A staunch apostle of nonviolence, Chavez was deeply troubled by violent incidents that marred the strike. Some growers raced tractors along the roadside, covering the strikers with dirt and dust. Others drove spraying machines along the edges of their fields, spraying insecticide and fertilizer on the picketers. Local police officers arrested a minister for reading Jack London's definition of a scab ("a two-legged animal with a corkscrew soul, a water-logged brain, and a combination backbone made of jelly and glue"). Some strikers, in turn, intimidated strikebreakers by pelting them with marbles fired from slingshots and by setting fire to packing crates. One striker tried to drive a car into a group of growers.
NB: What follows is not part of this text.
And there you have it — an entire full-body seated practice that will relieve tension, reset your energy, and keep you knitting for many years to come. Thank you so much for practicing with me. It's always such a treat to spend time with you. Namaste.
In an effort to quell the escalating violence and to atone for the militancy of some union members, Chavez began to fast on February 14, 1968. For five days he kept the fast a secret. Then, in an hour-long speech to striking workers, he explained that continued violence would destroy everything the union stood for. The "truest act of courage, the strongest act of manliness," he said, "is to sacrifice ourselves for others in a totally nonviolent struggle for justice." For twenty-one days he fasted he lost thirty-five pounds and his doctor began to fear for his health. He finally agreed to take a small amount of bouillon and grapefruit juice and medication. On March 11, he ended his fast by taking communion and breaking bread with Senator Robert F. Kennedy.
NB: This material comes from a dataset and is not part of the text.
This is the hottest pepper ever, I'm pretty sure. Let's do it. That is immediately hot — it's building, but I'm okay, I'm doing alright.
The strike dragged on for three years. To heighten public awareness of the farm workers' cause, Chavez in 1968 initiated a boycott of table grapes. It was the boycott that pressured many of the growers into settling the strike. An estimated 17 million American consumers went without grapes in support of the farm workers bargaining position. By mid-1970, two thirds of California grapes were grown under contract with Chavez's union.

In the years following its 1970 victory, Chavez's union has been beset by problems from within and without. Union membership dwindled from more than 60,000 in 1972 to a low of 5,000 in 1974. (It has since climbed back to around 30,000). Meanwhile, public concern for the plight of migrant farm workers declined.

Following his death at the age of sixty-six in 1993, twenty-five thousand people marched for more than two-and-a-half hours to the spot where Chavez founded the United Farm Workers Union. There, the mourners recalled his extraordinary legacy. As a result of his efforts, the most backbreaking tool used by farm workers, the short hoe, was eliminated, and the use of many dangerous pesticides in the grape fields was prohibited. His labors also brought about a seventy percent increase in real wages form 1964 to 1980, and establishment of health care benefits, disability insurance, pension plans, and standardized grievance procedures for farm workers. He helped secure passage in California in 1975 of the nation's first agricultural labor relations act, which prohibited growers from firing striking workers or engaging in bad-faith bargaining. Thanks to his efforts, migrant farm laborers won a right held by all other American workers: the right to bargain collectively.

In this selection, Chavez discusses government complicity in undermining farm workers' unions.

Document: Mr. Chavez. After 3 months of striking in 1979 we have come to the conclusion very little progress has been made in the last 40 years.

In the 1930's when the farm workers tried to organize a strike, they were looked upon and treated by the local power structures in the rural communities as un-American, as subversive, and as some sort of criminal element. We today are looked upon pretty much the same way.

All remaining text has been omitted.